→ Problem requirements
Please give back the listing exactly, without any of its pictures.

[Opening Recorded information section]

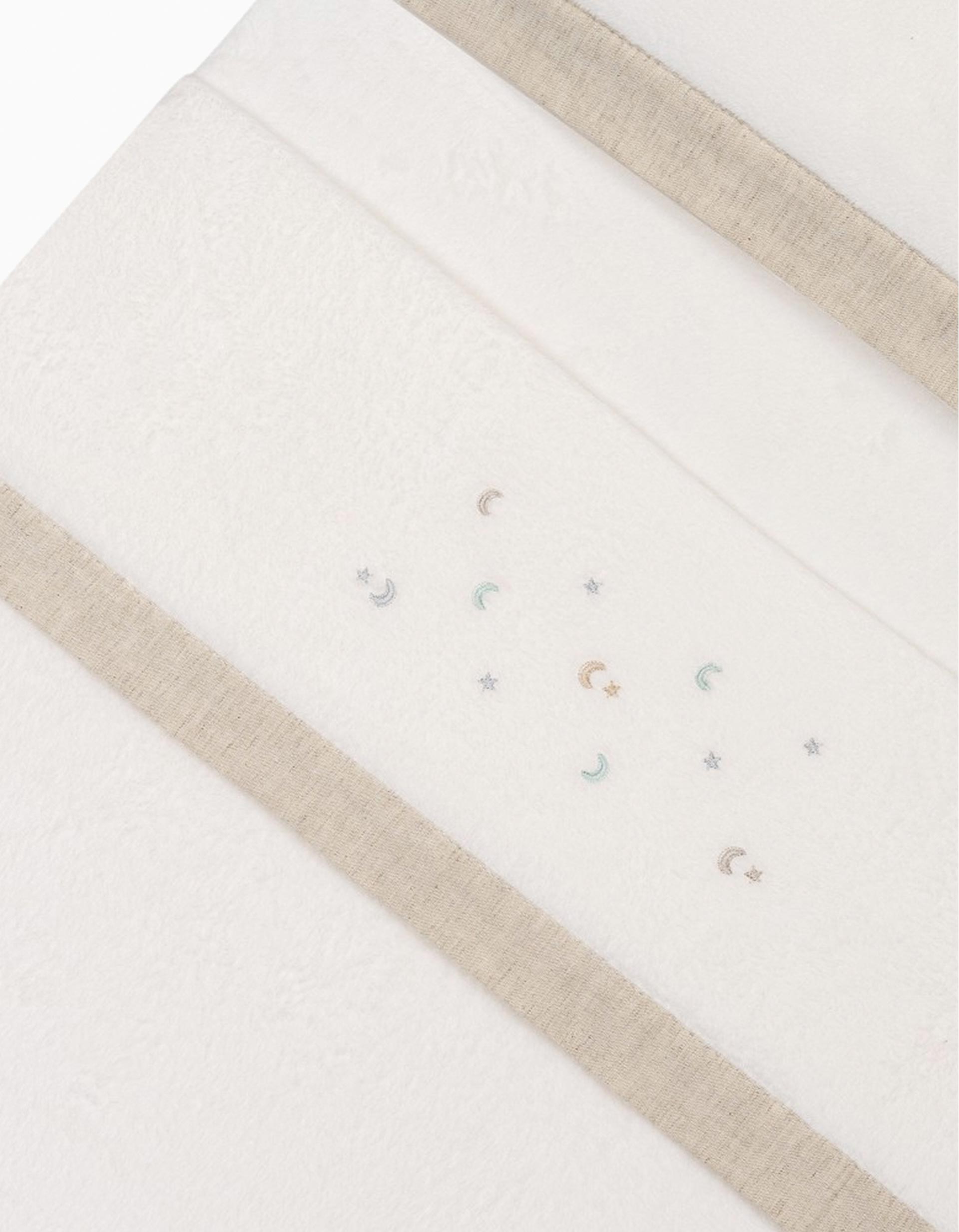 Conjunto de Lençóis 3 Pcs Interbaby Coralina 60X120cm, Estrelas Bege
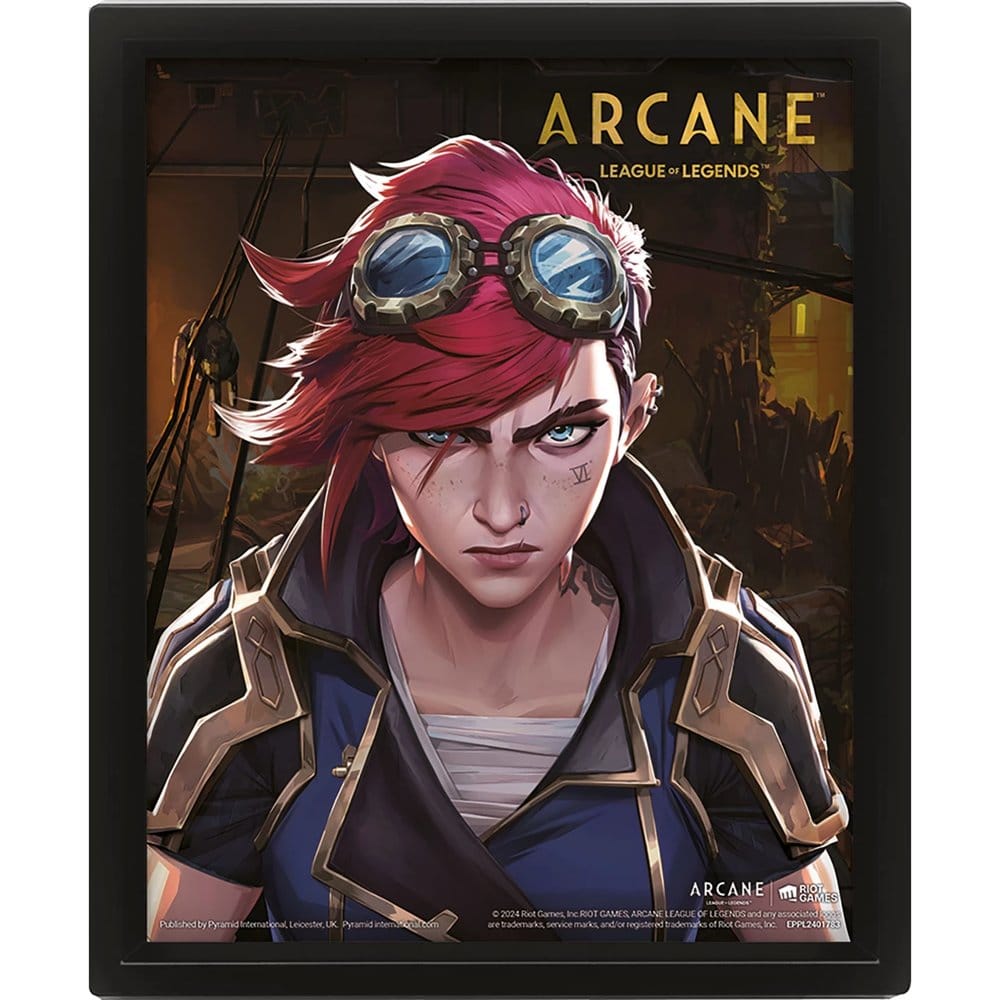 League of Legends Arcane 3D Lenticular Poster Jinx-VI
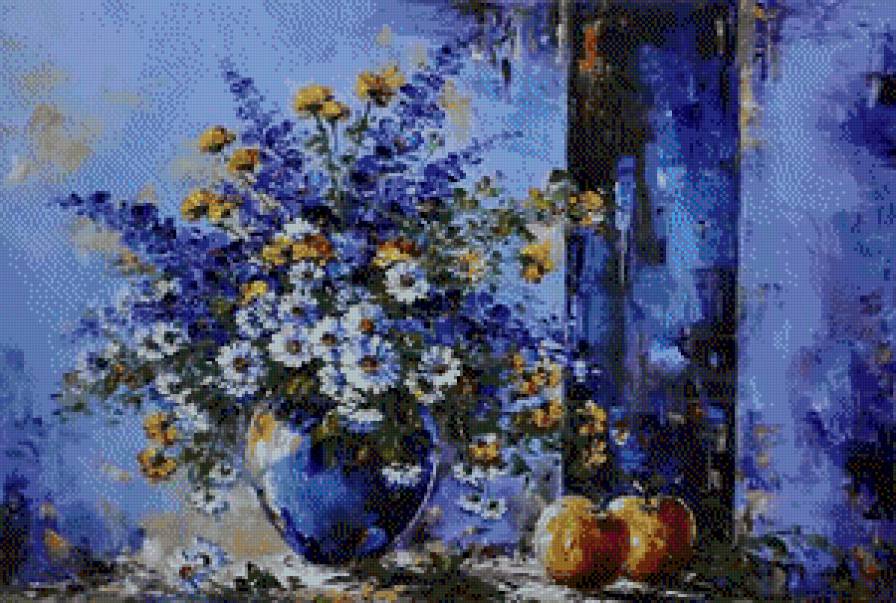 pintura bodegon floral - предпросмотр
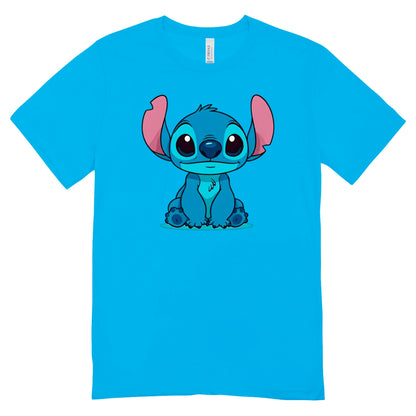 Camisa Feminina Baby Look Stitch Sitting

[Closing Recorded information section]

→ Output for this task
 Conjunto de Lençóis 3 Pcs Interbaby Coralina 60X120cm, Estrelas Bege
 League of Legends Arcane 3D Lenticular Poster Jinx-VI
 pintura bodegon floral - предпросмотр
 Camisa Feminina Baby Look Stitch Sitting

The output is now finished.